** Goal of the exercise **
The word "Natural" marks the lines to find; copy every such line from the data below.

[Dataset items]
■ ■ ■ ■ ■
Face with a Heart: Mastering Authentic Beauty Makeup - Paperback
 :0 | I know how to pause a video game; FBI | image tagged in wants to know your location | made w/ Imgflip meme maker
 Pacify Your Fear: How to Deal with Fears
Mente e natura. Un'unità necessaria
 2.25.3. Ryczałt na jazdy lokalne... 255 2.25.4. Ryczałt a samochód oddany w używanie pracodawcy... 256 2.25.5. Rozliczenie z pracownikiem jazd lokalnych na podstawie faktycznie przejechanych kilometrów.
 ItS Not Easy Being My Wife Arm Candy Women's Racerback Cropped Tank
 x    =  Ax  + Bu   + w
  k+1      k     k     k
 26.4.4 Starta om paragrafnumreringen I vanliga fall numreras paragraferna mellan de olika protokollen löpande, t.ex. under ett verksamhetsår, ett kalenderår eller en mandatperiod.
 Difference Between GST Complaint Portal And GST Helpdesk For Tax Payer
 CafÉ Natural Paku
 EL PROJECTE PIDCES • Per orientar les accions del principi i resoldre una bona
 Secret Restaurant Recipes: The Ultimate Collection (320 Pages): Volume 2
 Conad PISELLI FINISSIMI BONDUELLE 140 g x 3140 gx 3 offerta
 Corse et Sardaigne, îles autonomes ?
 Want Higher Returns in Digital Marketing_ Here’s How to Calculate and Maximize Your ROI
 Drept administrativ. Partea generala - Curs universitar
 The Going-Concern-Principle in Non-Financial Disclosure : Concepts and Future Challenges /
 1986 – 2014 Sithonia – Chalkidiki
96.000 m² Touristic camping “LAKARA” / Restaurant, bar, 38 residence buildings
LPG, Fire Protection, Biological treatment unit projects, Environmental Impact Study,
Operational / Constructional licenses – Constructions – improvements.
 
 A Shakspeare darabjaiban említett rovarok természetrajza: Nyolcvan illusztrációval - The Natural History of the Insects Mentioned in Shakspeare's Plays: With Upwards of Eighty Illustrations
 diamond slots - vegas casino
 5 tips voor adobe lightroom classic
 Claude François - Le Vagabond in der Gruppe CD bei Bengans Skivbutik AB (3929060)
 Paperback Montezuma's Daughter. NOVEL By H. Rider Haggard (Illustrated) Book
■ ■ ■ ■ ■
** Answer to the problem **
 CafÉ Natural Paku
 A Shakspeare darabjaiban említett rovarok természetrajza: Nyolcvan illusztrációval - The Natural History of the Insects Mentioned in Shakspeare's Plays: With Upwards of Eighty Illustrations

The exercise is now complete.